“…Mungkin beberapa bulan lalu ada tidaknya
kamu itu gak berpengaruh apa pun. Tapi kan sekarang beda, aku terbiasa ada dan
dengan kamu…” [11 Oktober 2011, 10:01 PM] pesan itu lagi lagi menyita perhatian
Iras, malam pergi meninggalkannya pelan untuk menghampiri pagi meski itu
terlalu pekat untuk bisa menemui mentari.
***
Malam ke dua puluh lima penghujung oktober ini
sedang tidak menampakkan senyumnya. Tak banyak bintang yang terlihat
menggantung menghiasi langit-langit. Bahkan si “Bintang Anjing” yang kerap
setia memandangi Iras di sisi gelap bumi di sudut 18 derajat garis sebelah
selatan garis tengah langit tak mampu dilihat keberadaanya. Iras pun tak ingin
menyalahkan pada mendung yang tengah bergelayut manja di tiang tiang langit
jauh. Iras hanya bisa menebak bahwa saat ini orang orang Mesir kuno pasti
tengah sedih karena tak mampu memandang tuhannya yang tengah meringkuk
berselimut mendung. Iras masih terpaku dalam lamunan sesaat tanpa dia sadari.
“Kau
tahu, ini yang terakhir, ras!” ucap Rudi santai pada Iras sembari menghabiskan
sisa sisa nila bakarnya. “kita akan berakhir desember ini” imbuhnya.

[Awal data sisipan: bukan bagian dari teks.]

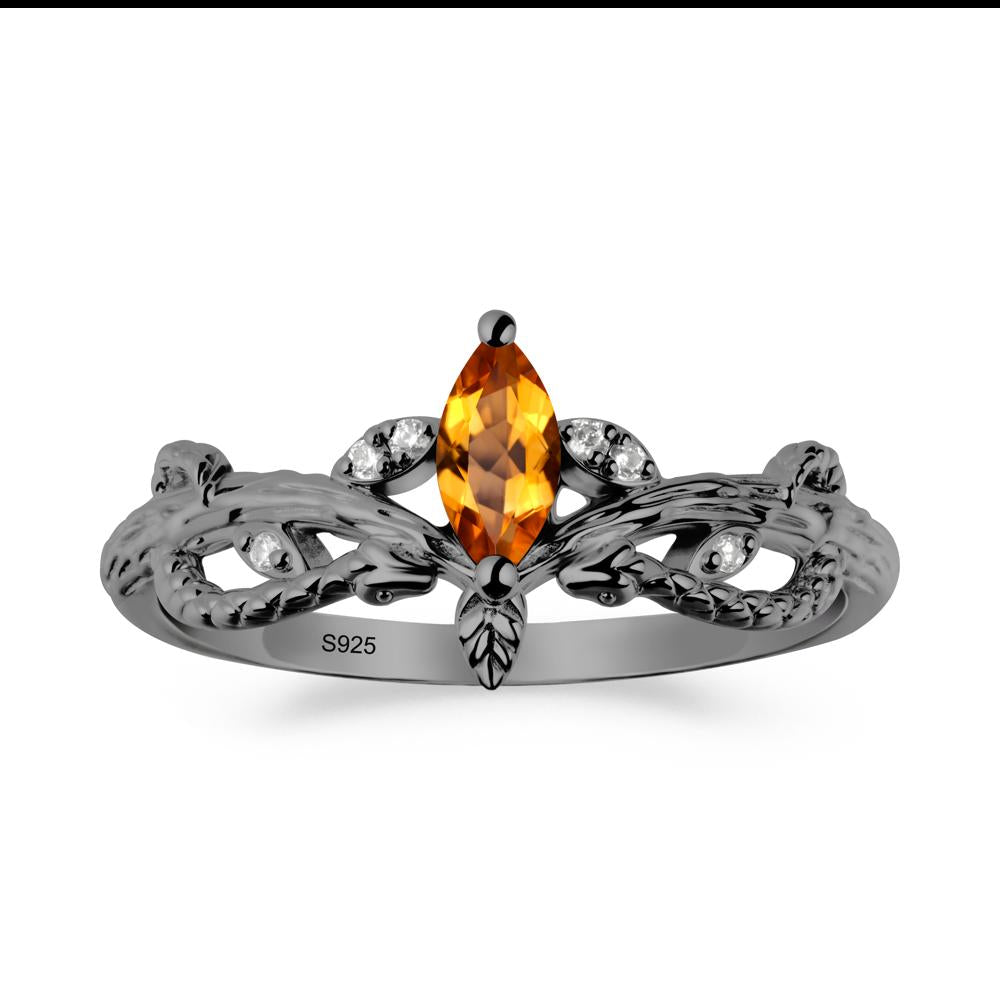 Snake Inspired Marquise Citrine Ring - LUO Jewelry #metal_black finish sterling silver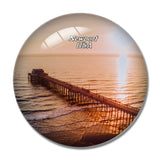 USA America Newport Beach 3D Fridge Magnet Crystal Glass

Iras hanya
terdiam tak sengaja mendengar itu dan seolah kata kata itu tersangkut di
tenggorokannya berhenti sejenak bersama aliran jeruk anget yang tengah dia
sedot.
Malam yang semakin larut memaksa mereka untuk
segera beranjak dari tempat nongkrong. Iras pulang dengan tanpa tangan hampa,
dijijingnya segepok pertanyaan yang menamparnya berkali kali sepanjang
perjalanan pulang, “ini kah yang terakhir?” seakan tidak percaya jika cerita
mereka akan segera berakhir.
Iras hanya tersenyum asimetris sembari
memandangi pantulan wajahnya di balik cermin kamar yang mulai memudar. Agaknya
dia baru tersadar akan kata kata yang pernah dia lontarkan berulang kali pada Rudi
sebulan lalu. “tenang aja, ini semua hanya masalah waktu. Dan pada saatnya kita
pun akan terbiasa dan semuanya baik baik saja”
Sebulan yang lalu Iras jauh tidak lebih peduli
pada apa yang telah coba Rudi ungkapkan padanya. Dia hanya menanggapi santai
bahkan seolah nampak abai dengan keadaan yang suatu saat akan dia jumpai.
***
Malam berlalu bersiap menyapa pagi, jarum jam
berputar acuh hingga membentuk sudut 90 derajat tepat membelah lingkaran yang
tengah dia putari. Tidak ada yang lebih menarik saat itu selain memainkan
handphone berharap sms dari seseorang setidaknya menyapanya dengan ungkapan
basa basi penghantar tidur. Namun Iras tentu tidak berharap banyak, “mana ada
tengah malam begini ada sms masuk dan mengucapkan have a nice dream atau apa lah
gitu” batinnya.
Iras kembali mencoba memejamkan matanya yang
mulai kelelahan. Namun lagi lagi perasaan tidak nyaman kembali dia rasakan.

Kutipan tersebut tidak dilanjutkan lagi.